I died before I ever joined a real corporate structure. But I've heard that this kind of positivity is encouraged there too, sometimes. Like conflating your worth with your job or the brand or something. And never going against your boss. I see that in self-help books about business all the time.
But real leadership, effective leadership, means that you know you're not the only one. Effective leadership means cultivating a place where your followers can be honest if they think you're doing something wrong. A place where your followers can give genuine suggestions. A place where your followers can speak up and be whole people.
This runs on a similar but slightly different track than the one about followers being able to do things on their own. The DRS didn't. They were trained to act like toy soldiers, following commands. The Purehearts could think for themselves on their feet whenever they had to, coming up with genuinely clever solutions to carry out their tasks. But they couldn't go directly against something that Anazawa said. Still stuck in the perpetual wheel that Anazawa spun.
And that's how his followers failed, really. Because they didn't speak up. And you almost fell into that, as well. But in the end you listened to the people around you. You saw with your own eyes who Anazawa was. You were able to confront that he wasn't the idol you thought he was. And you were able to move on and make your own meanings. I know how difficult that is. It's taken me so long to stop seeing my own brother as perfect. So I understand, Rindo. And you inspire me so much. Thank you.
And that's part of how Anazawa failed, too. He built himself up as an untouchable idol. People followed him, including you, because he was an untouchable idol. But an idol can never truly be untouchable. The ruse can only last so long.
Anazawa tried to get favours from us. From the Reapers. And from everyone else, including the Wicked Twisters. But his followers couldn't tell him that anything was wrong. It pained them to even consider that something might be wrong. If they absolutely had to tell him, then they had to figure out the most tactful way to do so, instead of just speaking honestly.
And Anazawa failed because in the end he didn't care about his followers. He threw them away. And when the ruse was finally lifted, they abandoned him. The problem with being an idol like that, with acting on perfection, is that—like the metaphorical splitting of the breast—you can only see them in black or white. If they're not perfect and on top of the world, then they must be on the very bottom.
So his followers, disgusted, left. Even when Anazawa tried to change himself around in the last second, it was too late.
He failed because he made himself out to be perfect. He failed because he didn't truly care.
But you? Look at you! That argument with Fret that you had? You let Fret convince you that you were being silly. And he was right! And when Shoka asked you to help her find Ayano, you listened to her. When Fret and Beat called you on dismissing Beat just because he wasn't Neku, you listened and realised that you'd been wrong.

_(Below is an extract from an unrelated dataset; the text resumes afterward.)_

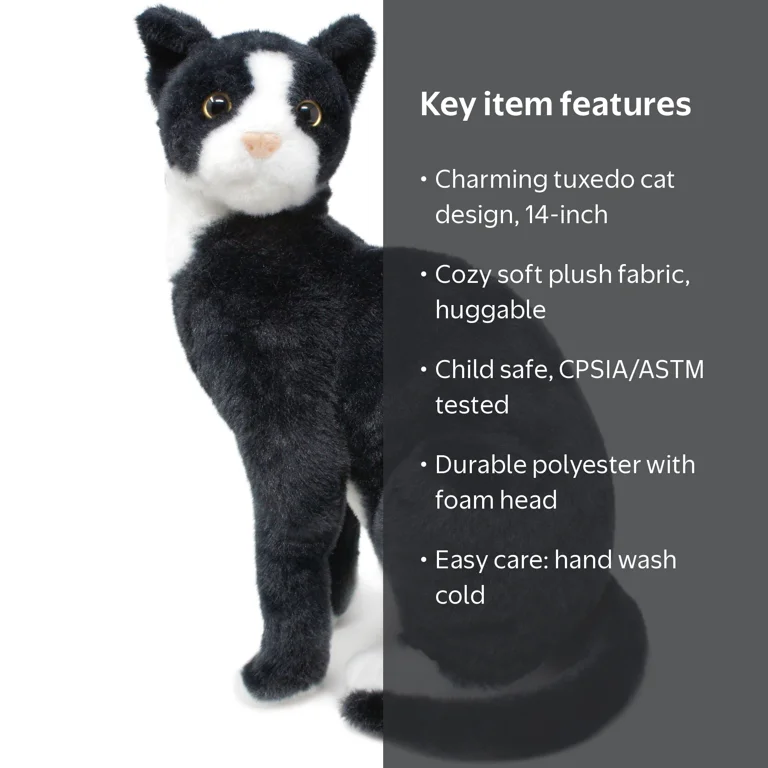 VIAHART, Tuxedo Cat Stuffed Animal Plush, 14 Inch, Black and White VIAHART, Tuxedo Cat Stuffed Animal Plush, 14 Inch, Black and White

You didn't just go with what your followers said, though. You made your own decisions, too. When Neku told you to stop going back in time, you thought about it, and you decided that you would give it a try anyway, and you succeeded! You thought about the plans that your followers and friends suggested, and you came up with some of your own. That makes a world of difference, you know. To just listen without thinking critically, or to think critically and encourage your followers and friends to do so the same. When you thought critically about people's suggestions and turned them down with reasons, they understood. And when you thought critically and accepted them, it meant so much more than if you had just accepted them without thinking.
And you always made your friends truly cared for. When you talked to Shoka about Ayano, you made it clear that you would ultimately leave it to her. You did your utmost as a leader, and as a friend, to figure out how to talk to her about it to prepare her for the day ahead. You listened carefully to her words and considered them. And you told her, in the end, that you would trust her to do what she thought was right.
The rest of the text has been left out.